Mario Arnedo Gallo nació en la capital de Santiago del Estero en 1915. En 1947 se mudó a Hurlingham. Prolífico compositor de muchas de las canciones más hermosas de nuestro folclore como Pelusitas de Totara, Salavina, La Amanecida (junto al poeta Hamlet Lima Quintana) y la consagrada canción La Flor Azul (compuesta junto a Rodrigo Villar). Los más reconocidos artistas del género fueron el puente para que el gran público reconozca el talento del artista santiagueño. Mercedes Sosa, Ariel Ramírez, Los Huanca Hua, Los Cantores de Quilla Huasi, el Grupo Vocal Argentino y  Divididos, la aplanadora del rock que integra Diego Arnedo, uno de los hijos de Mario, son algunos de los artistas que interpretaron las canciones al gran maestro santiagueño.

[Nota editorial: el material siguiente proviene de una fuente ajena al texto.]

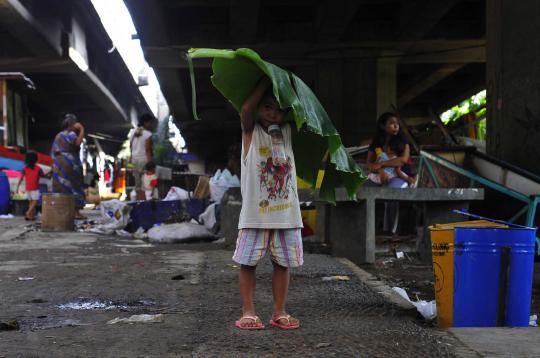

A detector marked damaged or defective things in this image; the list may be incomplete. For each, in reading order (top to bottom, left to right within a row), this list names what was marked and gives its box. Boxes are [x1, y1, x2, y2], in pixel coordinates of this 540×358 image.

rusty barrel [41, 193, 74, 232]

La película documental muestra la manera en que Fernando «Popa» Arnedo, uno de los nietos y protagonista del film, empieza un recorrido que lo llevará desde Hurlingham, su ciudad natal, hasta el monte santiagueño, donde recreará parte de la vida del compositor y conocerá en profundidad la chacarera como también la importancia del bombo legüero en el folclore argentino. Las pocas grabaciones de Arnedo Gallo de su música son reemplazadas por maravillosas anécdotas de los amigos que acompañaron en su recorrida musical al santiagueño. La película refleja un escenario de identidad familiar y de costumbres muy arraigadas en el interior de Santiago. Para Fernando Arnedo (hijo), nieto del desaparecido folklorista y protagonista del film, «la película surgió casi sin querer, luego de un viaje que hicimos a Santiago del Estero. Fuimos a una fiesta, y a partir de eso las cosas se desencadenaron. Ir allá y ver lo que pasaba con ese tipo de música, y que muchos mencionaran a mi abuelo, me hicieron comenzar a pensar en el argumento.»

 

De Hurlingham para Santiago

Para concretar el proyecto, Popa Arnedo invitó a participar a Nicolás Tacconi, amigo de la secundaria y con el que previamente compartió una experiencia radiofónica en la desaparecida Radio Más de Hurlingham. Según Tacconi, director del film «cuando surgió hacer esta producción, naturalmente se dio la idea de llevarla adelante juntos. Nos fuimos adaptando a nuestros roles de manera espontánea. Fernando era una voz más autorizada, porque el disparador de la historia es su abuelo, así que se ocupó de las entrevistas, mientras que yo me encargué de la narración visual. El guión lo fuimos hablando porque comenzamos a filmar sin una idea de lo que queríamos contar, más allá de mostrar la manera como se vive la música en Santiago del Estero. A medida que investigamos, fui testigo de una transformación en él con respecto a la chacarera, al punto de que al año empezó a tocar el bombo legüero. Entonces el documental pasó a relatar lo que le sucedía.»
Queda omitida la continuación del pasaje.